How To Fix AWS ECS Fargate MinimumHealthyPercent Violation

Select Language:

If you’re using AWS Fargate and suddenly notice that your service drops to half capacity during a platform update, you’re not alone. Recently, some users experienced this exact problem where 4 out of 8 tasks became unhealthy simultaneously, causing a temporary service drop. Here’s how to understand what’s happening and what you can do to prevent it.
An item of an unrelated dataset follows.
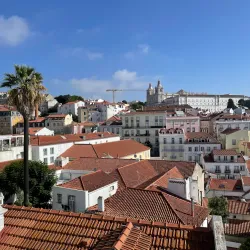 São Jorge Castle (Castelo de São Jorge) - Lisbon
When updating the Fargate platform, it’s common to worry about maintaining service availability. During a recent update, the process didn’t follow the usual pattern seen with manual deployments. Typically, when you do a manual deployment with the force option, new tasks are spun up first, and once they’re healthy, the old ones are shut down. This approach keeps the number of tasks steady, respecting the minimum healthy percentage.

However, during an automatic platform update, AWS started by making the existing tasks unhealthy before spinning up new ones. This resulted in only half the tasks running while waiting for the new tasks to become healthy, which temporarily dropped the capacity. Notably, the deployment configuration specifying that 100% of tasks should be healthy at all times wasn’t honored during this process, leading to questions about whether such behavior is expected.

A key reason why only 4 tasks went down at once relates to how the platform processes updates. It appears that platform updates may be handled in batches, with the size of each batch influenced by the maximum percentage setting. During the update, the service affected all four tasks at the same time, possibly because the batch size was set to 50% (which matches the 8-task setup). This batch processing can cause a temporary capacity dip if the unhealthy tasks aren’t replaced quickly enough.

To avoid these issues, consider implementing some mitigation strategies:

Adjust the deployment settings: Lower the maximumPercent from 200% to a smaller value, like 125%, so that fewer tasks are replaced at once—ideally limiting it to 2 at a time.
Use a Circuit Breaker: Implement this pattern to prevent cascading failures during update periods.
Manual deployment during critical updates: When you receive alerts from the AWS Health Dashboard, do manual deployments. This way, you have more control over how many tasks are replaced at once.

While AWS provides documentation on task maintenance and platform versions, it’s less clear how deployment configurations behave during platform updates. Many users are still figuring out how to guarantee minimum healthy tasks during such updates.

If you’re managing a high-availability environment, especially in your region (like Asia-Pacific North, or ap-northeast-2), it’s smart to review these strategies. Reducing the batch size during updates and performing manual deployments when needed can help maintain your service’s reliability.

Has anyone else encountered similar behavior? Exploring these options and sharing your experiences can help everyone better understand how to keep their services running smoothly during AWS platform updates.